--- The data ---
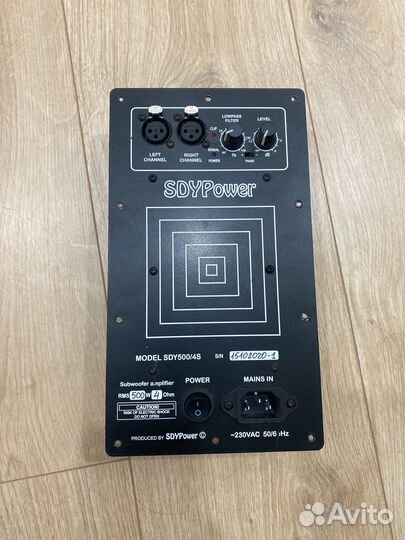 Встраиваемый усилитель Sub sdypower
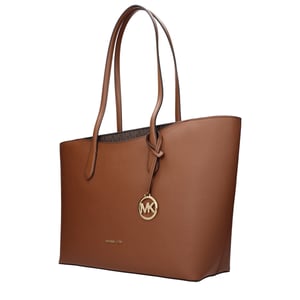 Michael Kors Bruine Leren Schoudertas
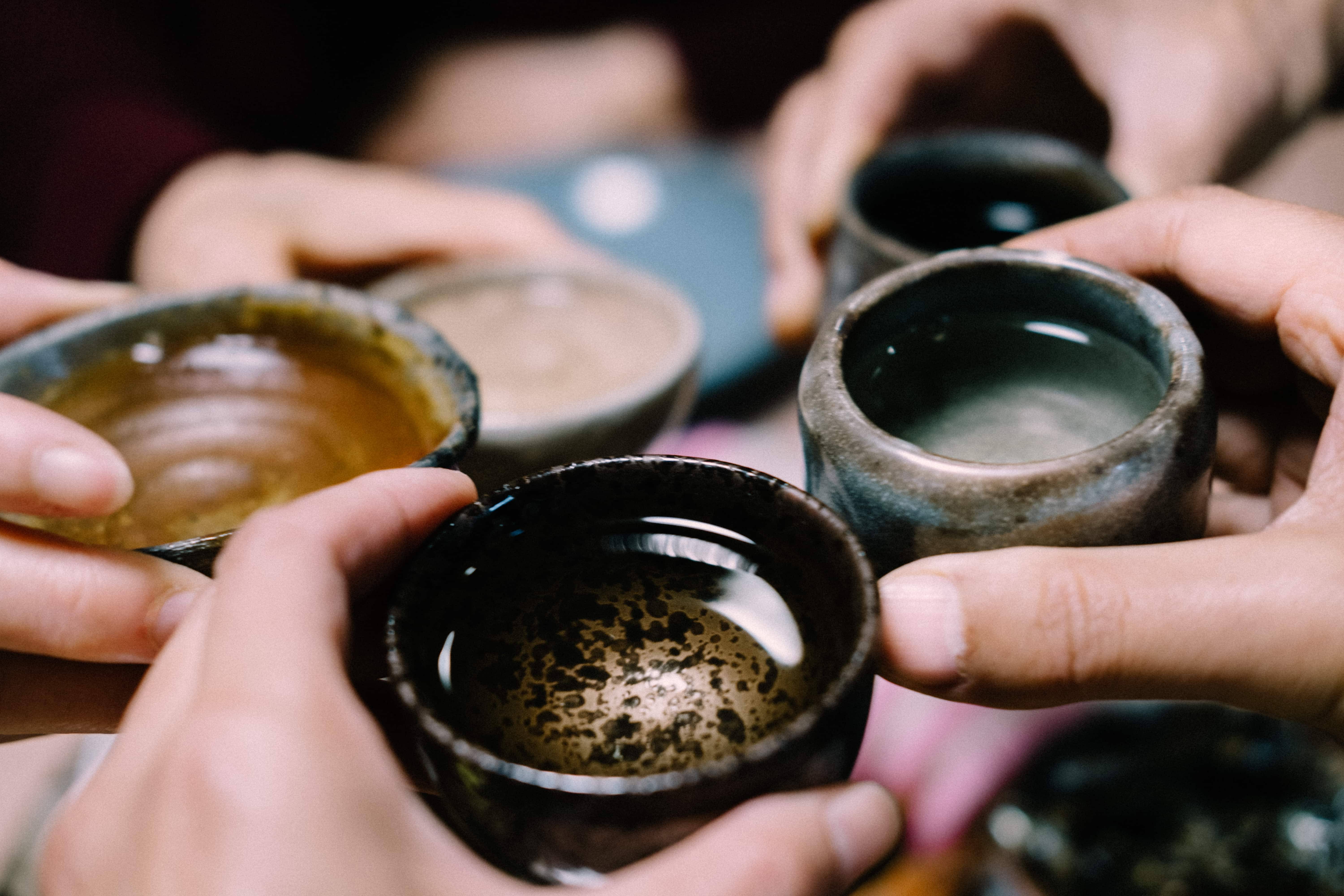 Tasse de thé entre amis - cadeau kobido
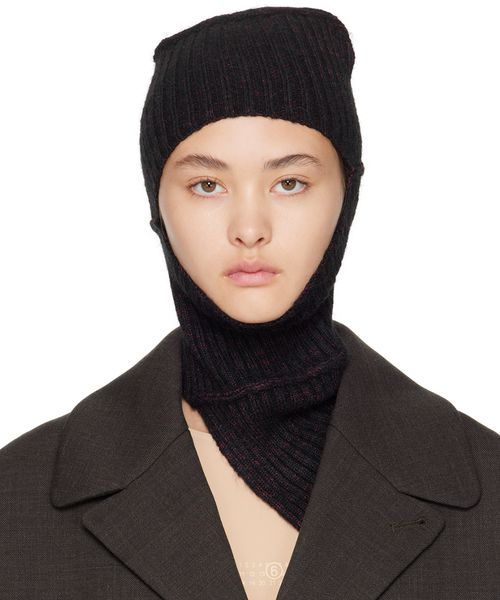 Black rolling balaclava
---
# [Exercise]
Set down the material above as is, without any pictures.

# [Solution]
 Встраиваемый усилитель Sub sdypower
 Michael Kors Bruine Leren Schoudertas
 Tasse de thé entre amis - cadeau kobido
 Black rolling balaclava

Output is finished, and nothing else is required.